**Instructions to follow:** Look below for the line that contains "15 Wave Way" and the line that contains "Disco mit DJ", then restate both of them and every line in between, exactly. No picture goes in the copy.

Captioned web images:
---+---
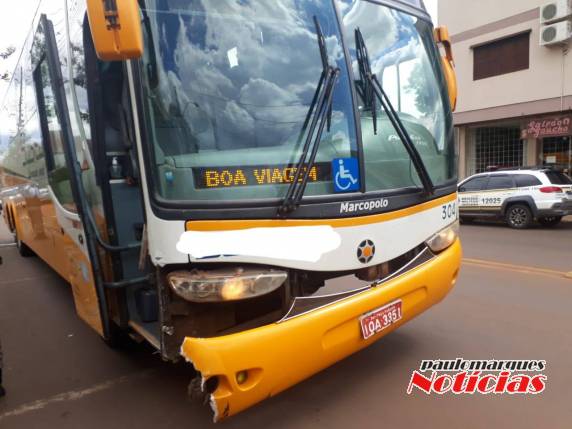 Ônibus bate em veículo estacionado na Rua Horizontina em Três de Maio - foto 4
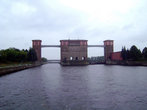 Двухкамерные рыбинские шлюзы с тремя шлюзовыми башнями замечательно смотрятся со стороны водохранилища.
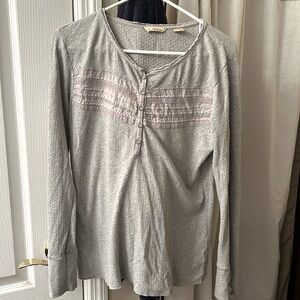 Woman’s natural reflection grey top.  Size L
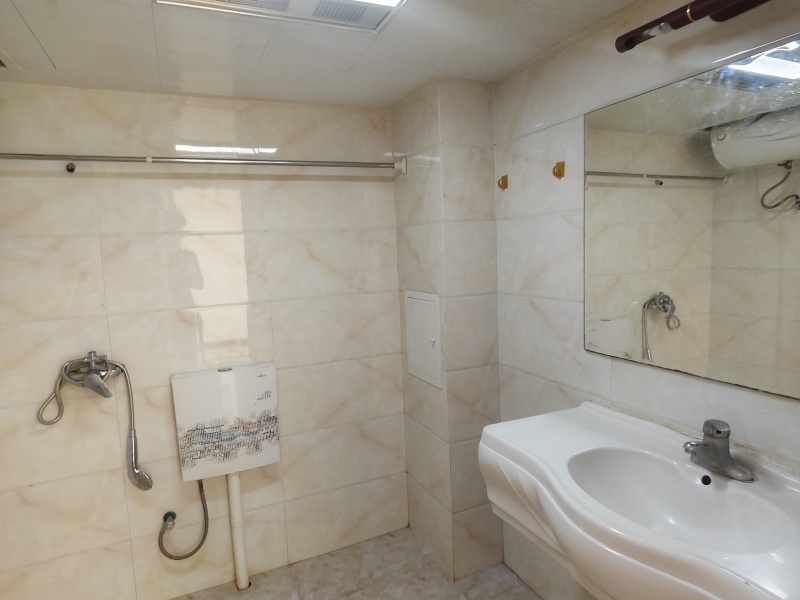 3室2廳 北辰小區(qū)櫻花苑衛(wèi)生間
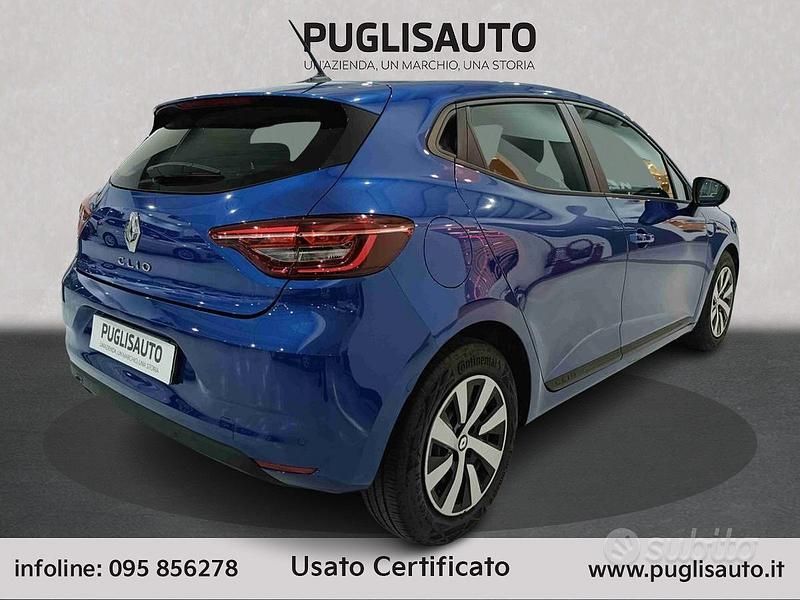 Usata Renault Clio V Equilibre 101 CV (74 kW) 2023 Blu Berlina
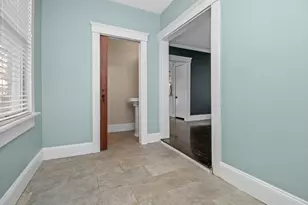 15 Wave Way Ave, Winthrop, MA 02152 - Photo 22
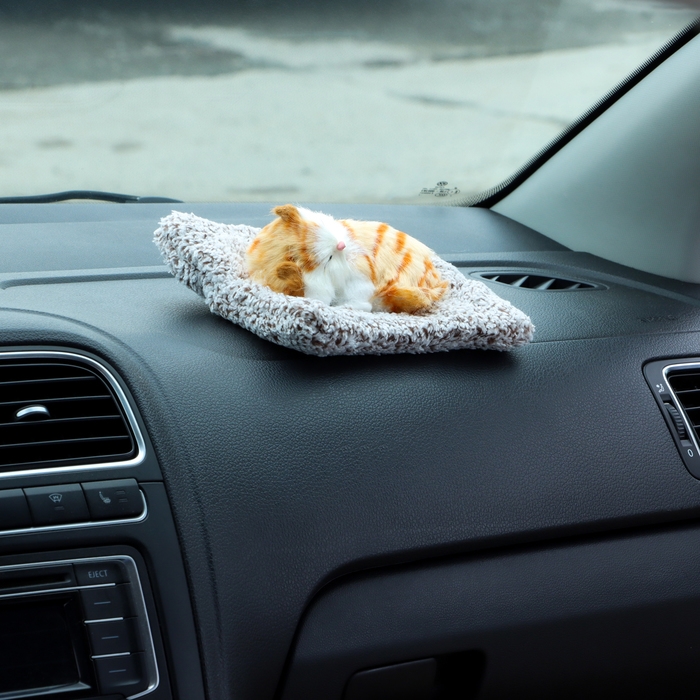 Игрушка на панель авто, кошечка на подушке, бело-рыжий окрас Игрушка на панель авто, кошечка на подушке, бело-рыжий окрас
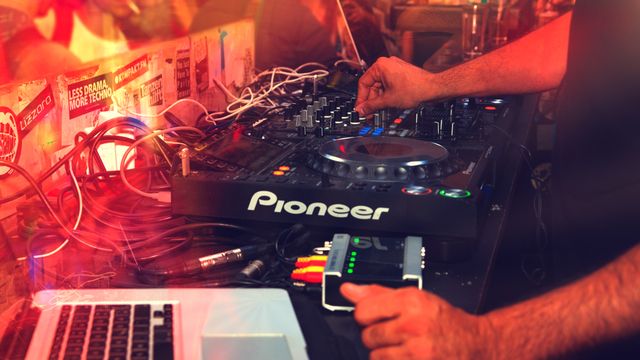 Disco mit DJ 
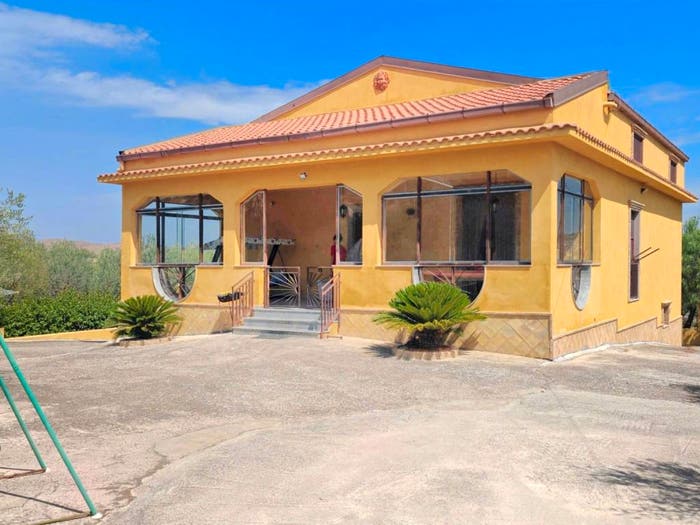 Casa con 6 locali in vendita in Strada Provinciale Canicattìbadia, Canicattì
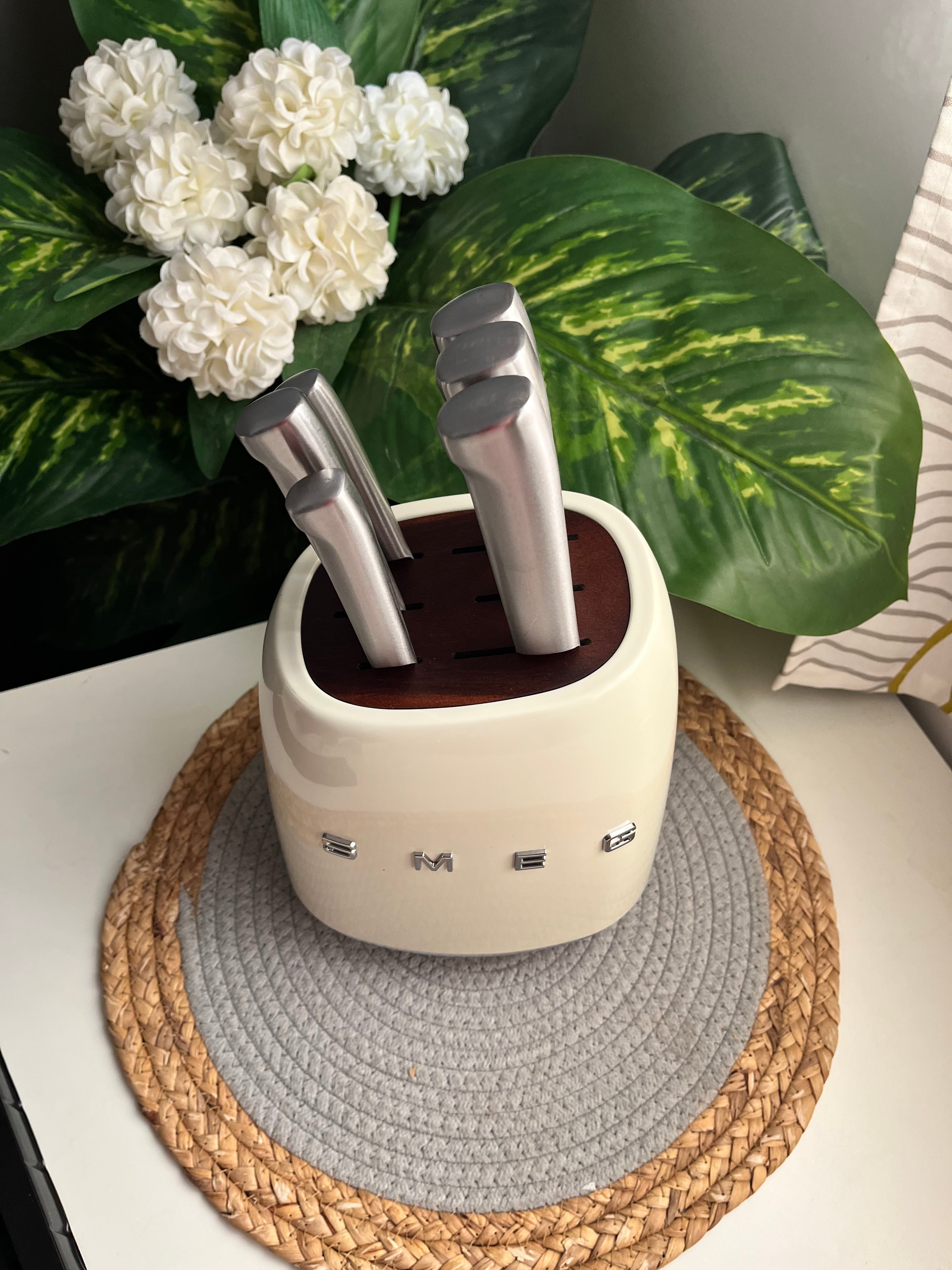 (Code39) منظم سمج+طقم سكاكين ماركه(SMEG)6 قطع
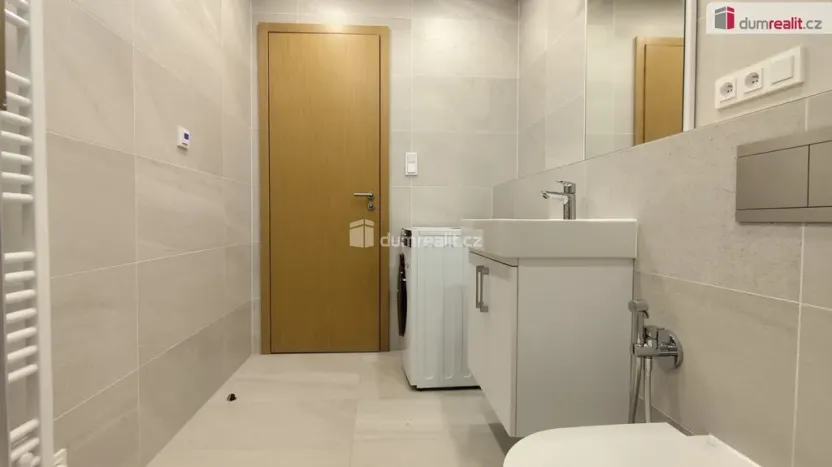 Pronájem bytu 2+kk, Praha - Nusle, Mužíkova, 44 m2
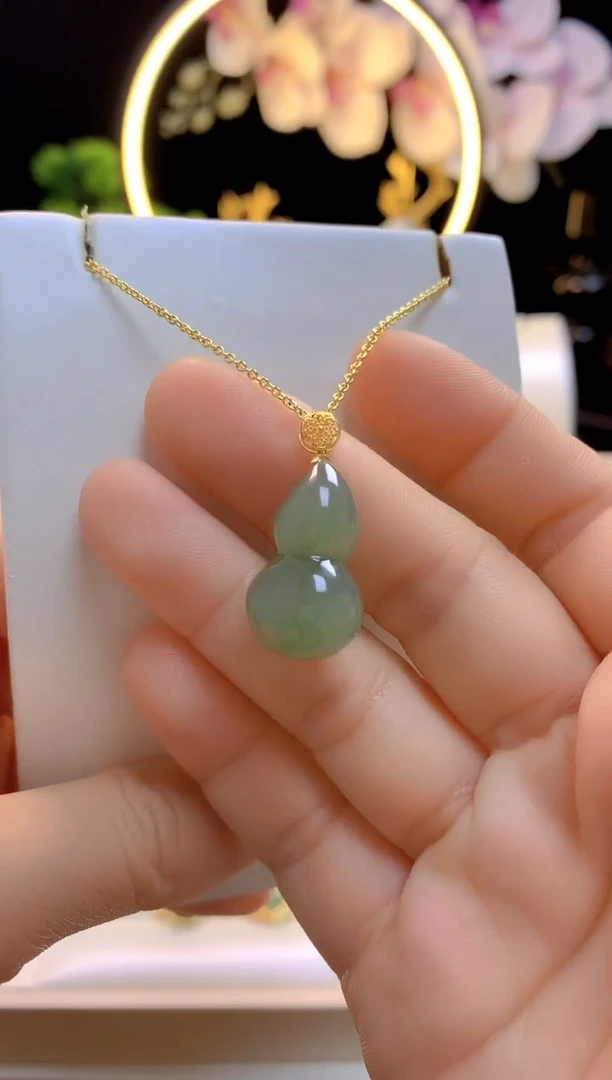 吊坠(赠链)18K金镶嵌和田玉立体葫芦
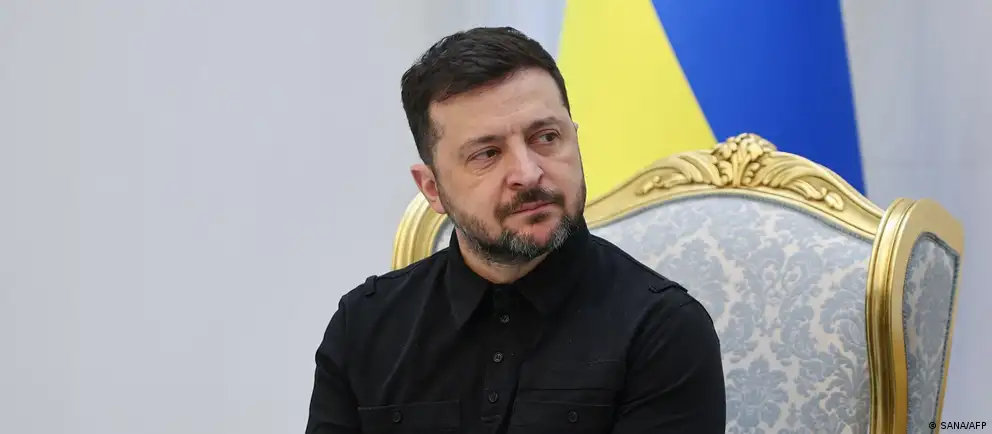 Указ №374/2026, опубликованный 8 мая, разрешает провести парад 9 мая в Москве и на время мероприятия запрещает нанесение ударов по территории Красной площади. Кремль раскритиковал инициативу, а сам парад пройдёт в сокращённом формате без военной техники.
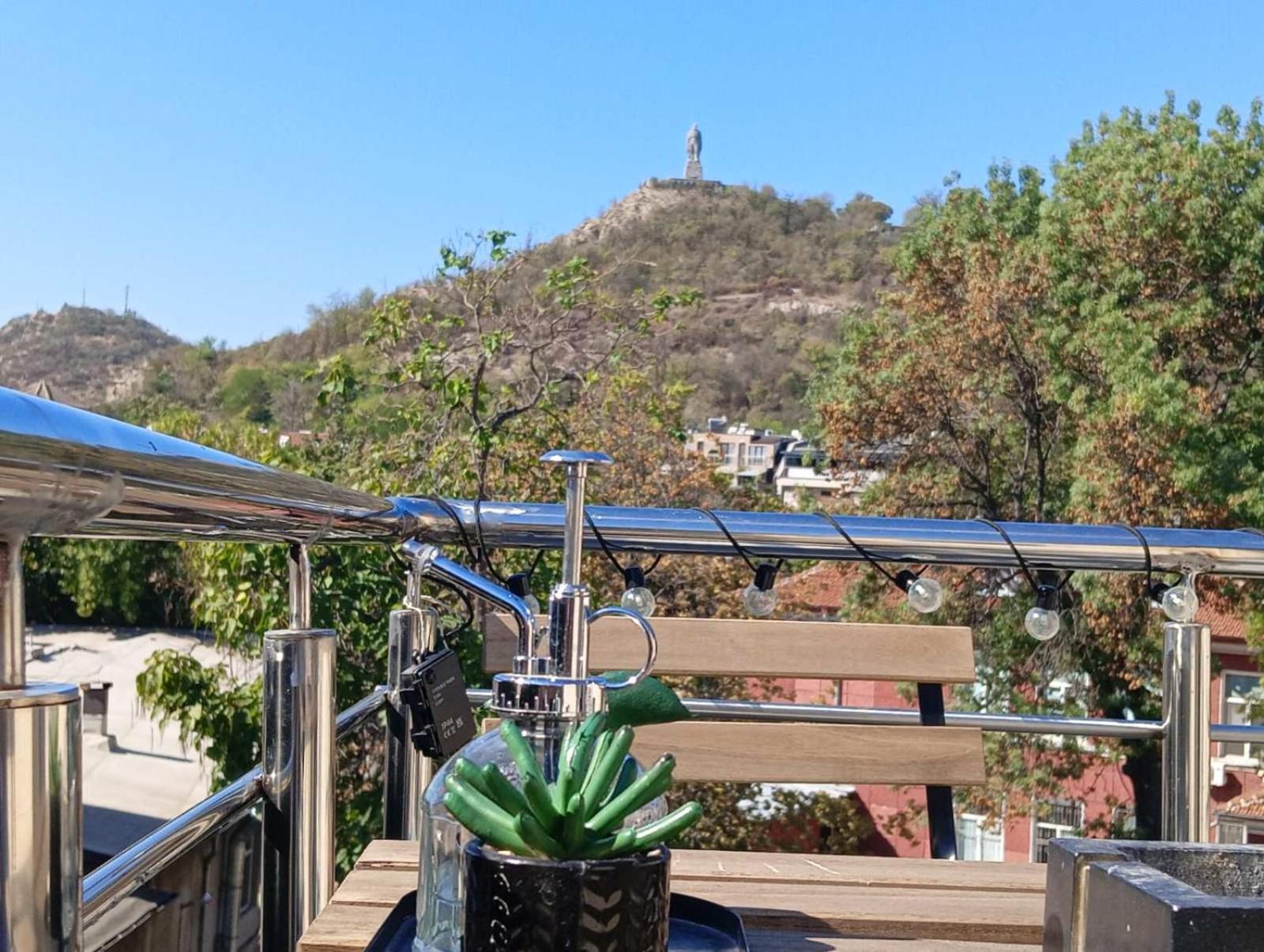 Artistic Loft Panoramic View Top Center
---+---
**Expected answer:**
 15 Wave Way Ave, Winthrop, MA 02152 - Photo 22
 Игрушка на панель авто, кошечка на подушке, бело-рыжий окрас Игрушка на панель авто, кошечка на подушке, бело-рыжий окрас
 Disco mit DJ 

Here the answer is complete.